I recommended using some other interesting text (and encoding) for the
magic number, in a different communication venue, but I think that
proposal got ignored by you without any explanation whatsoever. For now
I'll just repeat myself:

For an interesting magic number related to Loongson/LoongArch/Loong
(like dragons but not exactly the same, let's not expand on that front)
in general, it's perhaps better to use GB18030-encoded four-character
dragon-related idioms. It's GB18030 because one Chinese character is 2
bytes in this encoding, and being non-UTF-8 it's unlikely any user input
would accidentally resemble it. So we get 8 bytes that appear as huge
negative numbers if cast into C long, and random enough that collisions
are highly unlikely.

For example, I chose 4 famous dragon-related phrases from the I Ching,
in both simplified and traditional characters:

潜龙勿用: 0xc7b1c1facef0d3c3
见龙在田: 0xbcfbc1fad4daccef
飞龙在天: 0xb7c9c1fad4daccec
亢龙有悔: 0xbfbac1fad3d0bbda
潛龍勿用: 0x9d93fd88cef0d3c3
見龍在田: 0xd28afd88d4daccef
飛龍在天: 0xef77fd88d4daccec
亢龍有悔: 0xbfbafd88d3d0bbda

and I think each of them is better than "Loongson".
ARM64_IMAGE_MAGIC is "ARM64", RISCV_IMAGE_MAGIC is "RISCV", so I think
we use "Loongson" as a magic is just OK.

Actually you made a good point here, that I failed to check for myself earlier.

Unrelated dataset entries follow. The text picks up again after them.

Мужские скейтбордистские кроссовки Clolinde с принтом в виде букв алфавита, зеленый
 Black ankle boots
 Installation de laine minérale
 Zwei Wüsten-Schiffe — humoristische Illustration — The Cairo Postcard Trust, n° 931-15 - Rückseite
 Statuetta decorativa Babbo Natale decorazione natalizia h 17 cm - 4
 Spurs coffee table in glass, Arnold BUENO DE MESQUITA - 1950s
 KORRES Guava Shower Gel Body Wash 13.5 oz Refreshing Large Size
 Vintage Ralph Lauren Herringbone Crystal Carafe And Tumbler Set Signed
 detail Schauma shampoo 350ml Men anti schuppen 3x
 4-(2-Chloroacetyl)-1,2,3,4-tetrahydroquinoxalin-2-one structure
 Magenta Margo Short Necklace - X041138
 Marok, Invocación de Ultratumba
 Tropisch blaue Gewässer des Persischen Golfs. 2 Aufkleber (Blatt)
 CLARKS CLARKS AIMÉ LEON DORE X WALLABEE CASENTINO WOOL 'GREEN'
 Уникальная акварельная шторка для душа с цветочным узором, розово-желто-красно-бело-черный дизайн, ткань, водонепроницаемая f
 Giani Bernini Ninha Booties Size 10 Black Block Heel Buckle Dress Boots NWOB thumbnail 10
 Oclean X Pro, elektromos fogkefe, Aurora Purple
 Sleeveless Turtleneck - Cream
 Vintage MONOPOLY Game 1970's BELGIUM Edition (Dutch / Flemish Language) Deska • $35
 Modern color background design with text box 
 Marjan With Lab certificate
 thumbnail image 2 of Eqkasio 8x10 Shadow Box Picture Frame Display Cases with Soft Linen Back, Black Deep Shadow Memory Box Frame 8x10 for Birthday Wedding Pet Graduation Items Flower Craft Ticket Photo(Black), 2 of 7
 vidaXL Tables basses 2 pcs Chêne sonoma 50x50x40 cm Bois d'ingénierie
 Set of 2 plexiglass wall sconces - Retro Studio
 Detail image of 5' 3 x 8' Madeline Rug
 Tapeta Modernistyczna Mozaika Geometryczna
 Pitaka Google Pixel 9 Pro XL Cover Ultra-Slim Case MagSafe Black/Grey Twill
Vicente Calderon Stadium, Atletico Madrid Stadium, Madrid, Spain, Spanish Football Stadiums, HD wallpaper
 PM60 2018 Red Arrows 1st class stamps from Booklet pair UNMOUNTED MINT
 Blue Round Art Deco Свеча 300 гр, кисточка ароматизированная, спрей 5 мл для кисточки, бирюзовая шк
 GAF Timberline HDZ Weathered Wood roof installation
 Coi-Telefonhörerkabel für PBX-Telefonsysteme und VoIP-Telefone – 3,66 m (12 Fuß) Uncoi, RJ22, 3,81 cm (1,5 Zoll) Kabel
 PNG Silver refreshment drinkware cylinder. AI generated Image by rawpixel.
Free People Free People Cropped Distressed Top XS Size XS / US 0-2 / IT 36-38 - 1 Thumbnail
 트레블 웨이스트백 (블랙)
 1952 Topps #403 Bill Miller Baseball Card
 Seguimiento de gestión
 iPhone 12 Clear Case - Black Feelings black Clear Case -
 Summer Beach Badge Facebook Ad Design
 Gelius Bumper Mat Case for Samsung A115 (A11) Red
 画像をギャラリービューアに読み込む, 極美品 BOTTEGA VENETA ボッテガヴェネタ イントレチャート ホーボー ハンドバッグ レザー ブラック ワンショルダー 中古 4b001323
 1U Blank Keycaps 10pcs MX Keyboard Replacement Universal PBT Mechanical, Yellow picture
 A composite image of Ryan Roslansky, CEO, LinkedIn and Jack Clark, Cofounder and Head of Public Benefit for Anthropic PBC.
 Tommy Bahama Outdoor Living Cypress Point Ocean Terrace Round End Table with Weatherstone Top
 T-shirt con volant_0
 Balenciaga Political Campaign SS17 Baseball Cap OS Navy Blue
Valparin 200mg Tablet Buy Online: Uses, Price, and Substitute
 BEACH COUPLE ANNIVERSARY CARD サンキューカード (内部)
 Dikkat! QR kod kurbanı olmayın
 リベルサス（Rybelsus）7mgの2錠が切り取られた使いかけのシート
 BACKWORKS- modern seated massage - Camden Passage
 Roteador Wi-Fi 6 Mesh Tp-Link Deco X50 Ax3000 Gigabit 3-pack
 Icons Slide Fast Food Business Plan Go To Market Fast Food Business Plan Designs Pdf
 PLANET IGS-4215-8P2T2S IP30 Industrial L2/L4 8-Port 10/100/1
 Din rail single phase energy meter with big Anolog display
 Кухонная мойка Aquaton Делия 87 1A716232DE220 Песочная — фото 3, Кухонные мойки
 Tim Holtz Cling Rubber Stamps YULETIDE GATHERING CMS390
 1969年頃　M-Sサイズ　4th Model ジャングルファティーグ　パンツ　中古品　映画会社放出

Looking at the arm64 and riscv image header code more closely, it seems loongarch is trying to follow the now deprecated riscv-specific practice of using 8-byte magic (deprecated as of commit 474efecb65dce ("riscv: modify the Image header to improve compatibility with the ARM64 header")). In doing this they also changed the offset of the magic: on riscv it's at 0x30, while here it's at 0x28 (riscv's "res2" field). This is just the exact kind of "proliferation of image header formats" that we would want to avoid.

Now for some additional but important bikeshedding...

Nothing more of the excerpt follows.